Images are to be left out when the records below are printed word for word.
***** The data *****
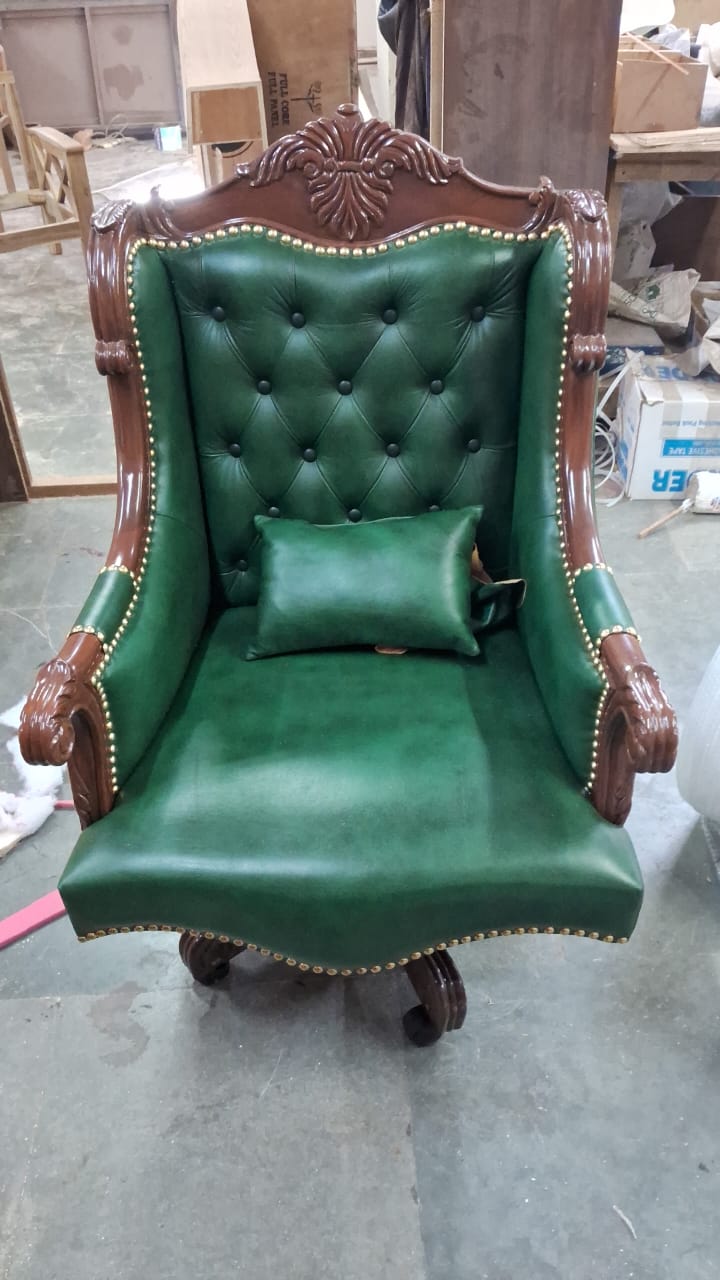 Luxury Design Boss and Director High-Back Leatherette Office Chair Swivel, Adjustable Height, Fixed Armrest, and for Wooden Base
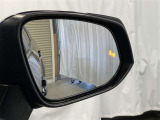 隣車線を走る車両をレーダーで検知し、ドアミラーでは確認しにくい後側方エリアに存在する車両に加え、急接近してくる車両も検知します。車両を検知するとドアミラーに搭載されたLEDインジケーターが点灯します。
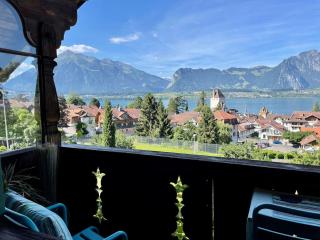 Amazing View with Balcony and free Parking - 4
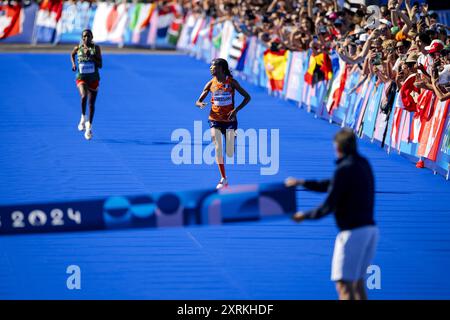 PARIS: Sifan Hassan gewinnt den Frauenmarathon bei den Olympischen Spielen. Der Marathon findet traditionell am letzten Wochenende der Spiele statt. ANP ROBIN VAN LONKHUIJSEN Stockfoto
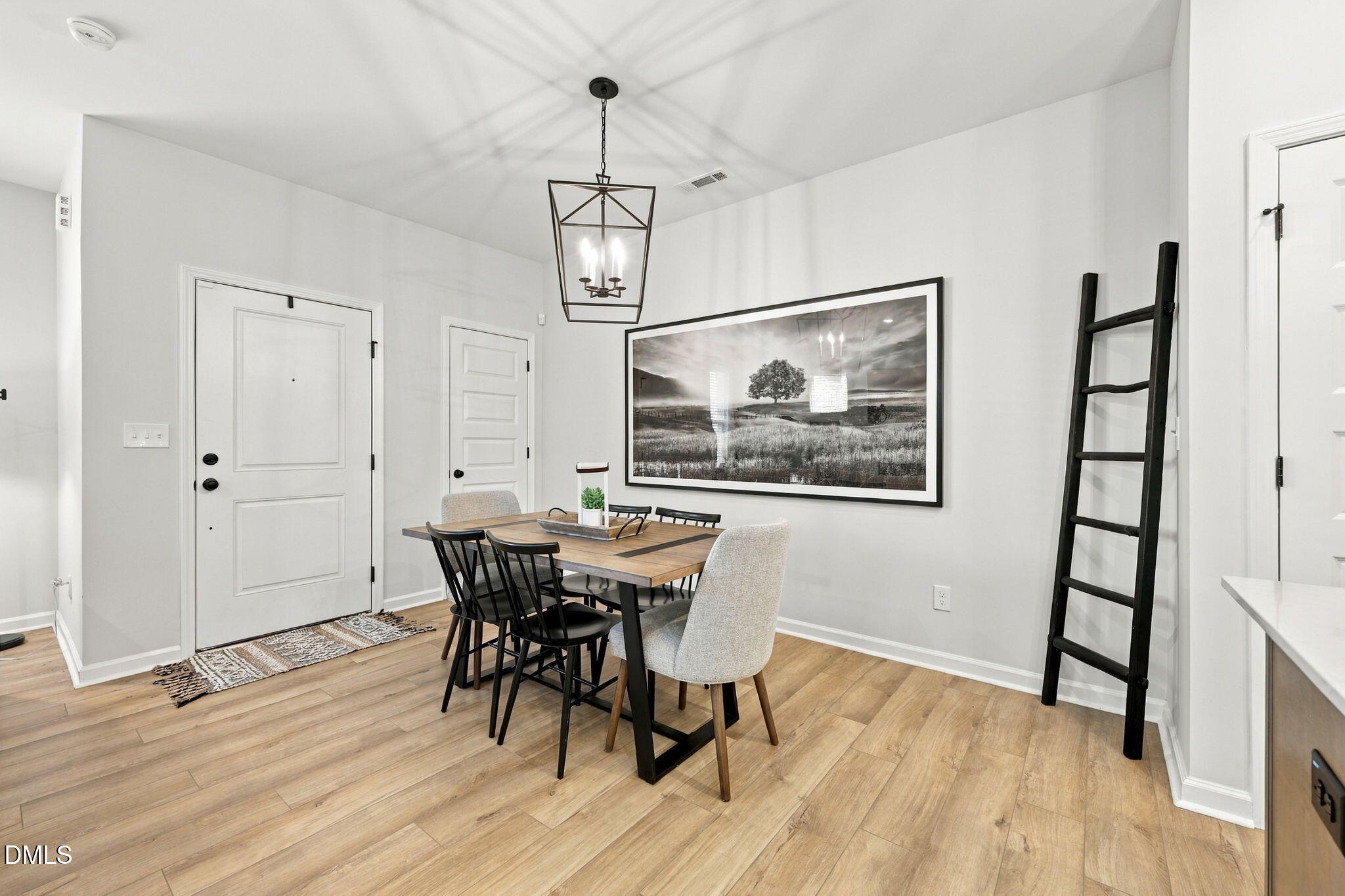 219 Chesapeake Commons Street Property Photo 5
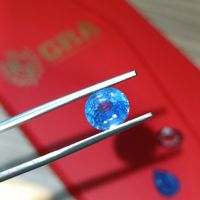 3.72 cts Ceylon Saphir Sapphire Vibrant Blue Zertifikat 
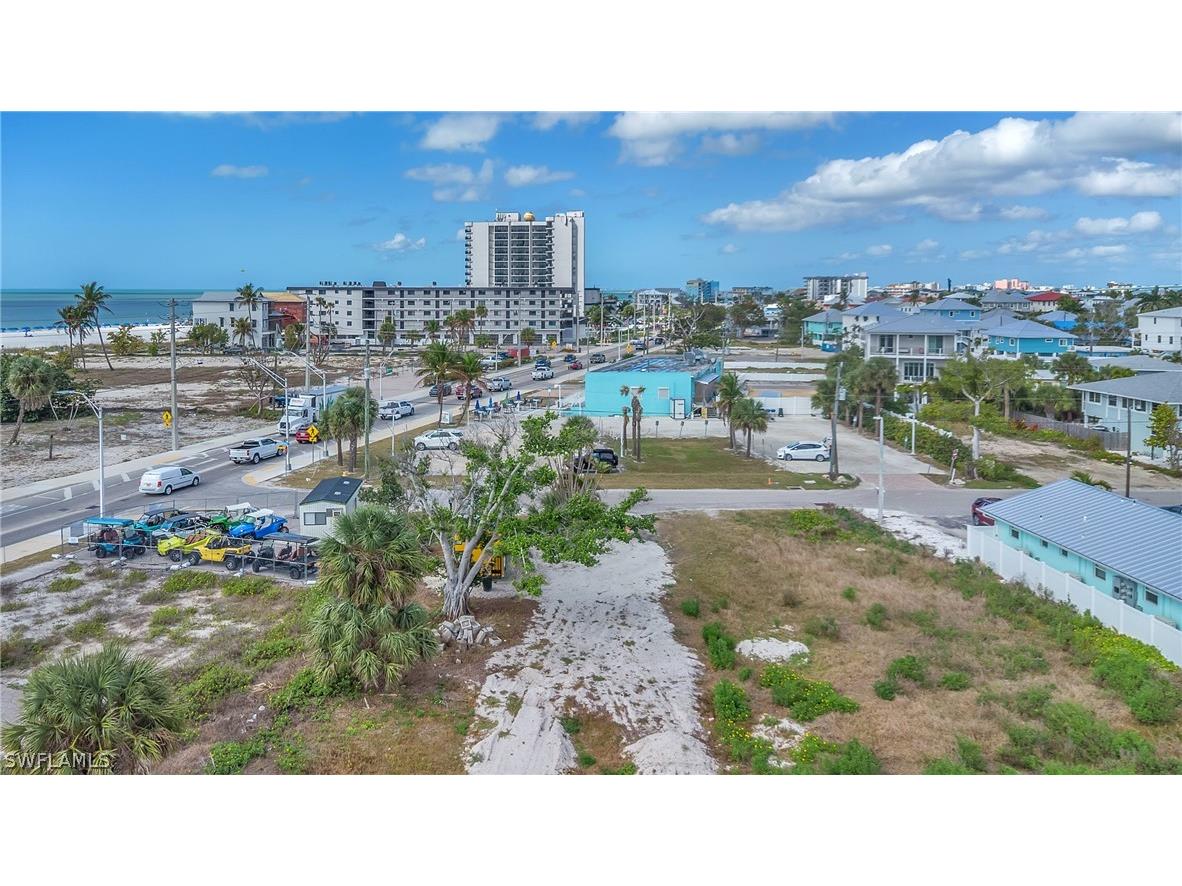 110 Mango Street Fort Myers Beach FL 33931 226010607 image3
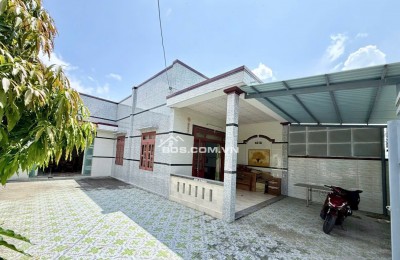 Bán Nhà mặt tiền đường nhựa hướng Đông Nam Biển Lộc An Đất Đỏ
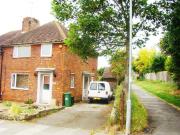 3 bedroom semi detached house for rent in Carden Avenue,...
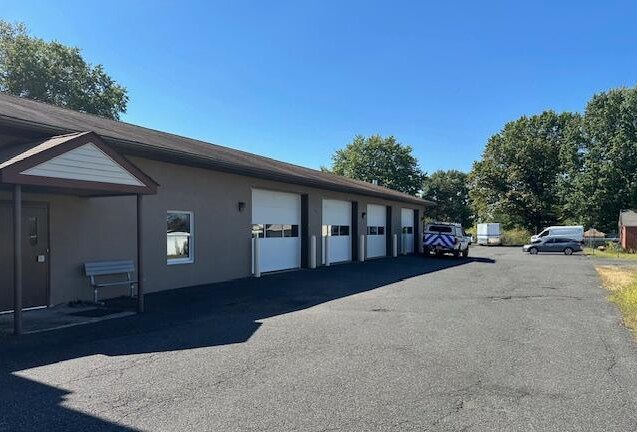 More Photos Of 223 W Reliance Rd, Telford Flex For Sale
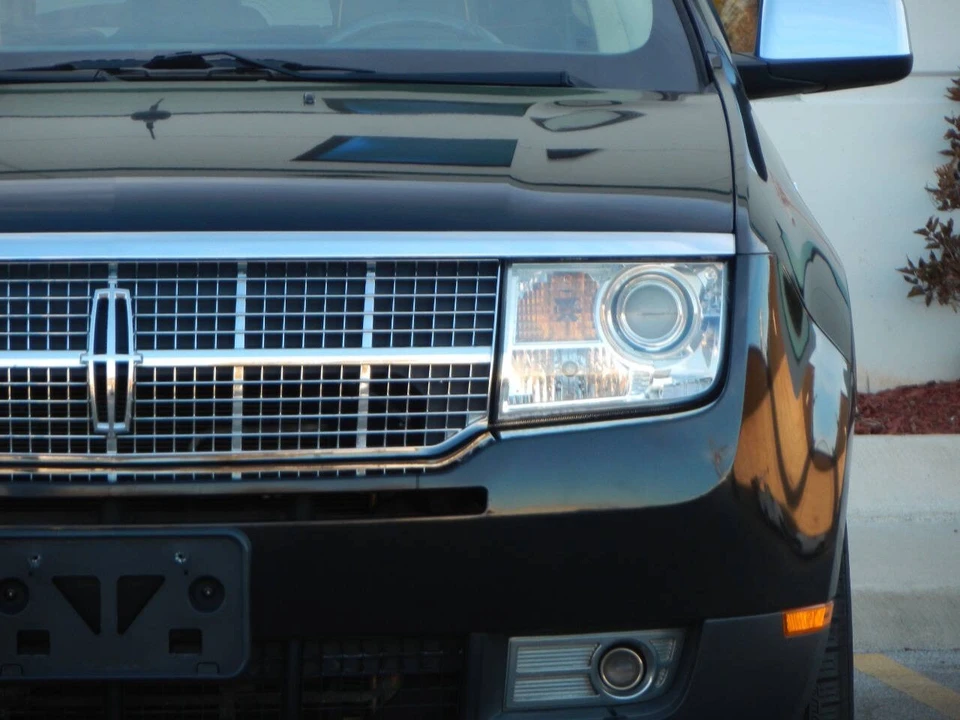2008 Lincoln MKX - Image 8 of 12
*****
- Result for this exercise
 Luxury Design Boss and Director High-Back Leatherette Office Chair Swivel, Adjustable Height, Fixed Armrest, and for Wooden Base
 隣車線を走る車両をレーダーで検知し、ドアミラーでは確認しにくい後側方エリアに存在する車両に加え、急接近してくる車両も検知します。車両を検知するとドアミラーに搭載されたLEDインジケーターが点灯します。
 Amazing View with Balcony and free Parking - 4
 PARIS: Sifan Hassan gewinnt den Frauenmarathon bei den Olympischen Spielen. Der Marathon findet traditionell am letzten Wochenende der Spiele statt. ANP ROBIN VAN LONKHUIJSEN Stockfoto
 219 Chesapeake Commons Street Property Photo 5
 3.72 cts Ceylon Saphir Sapphire Vibrant Blue Zertifikat 
 110 Mango Street Fort Myers Beach FL 33931 226010607 image3
 Bán Nhà mặt tiền đường nhựa hướng Đông Nam Biển Lộc An Đất Đỏ
 3 bedroom semi detached house for rent in Carden Avenue,...
 More Photos Of 223 W Reliance Rd, Telford Flex For Sale
2008 Lincoln MKX - Image 8 of 12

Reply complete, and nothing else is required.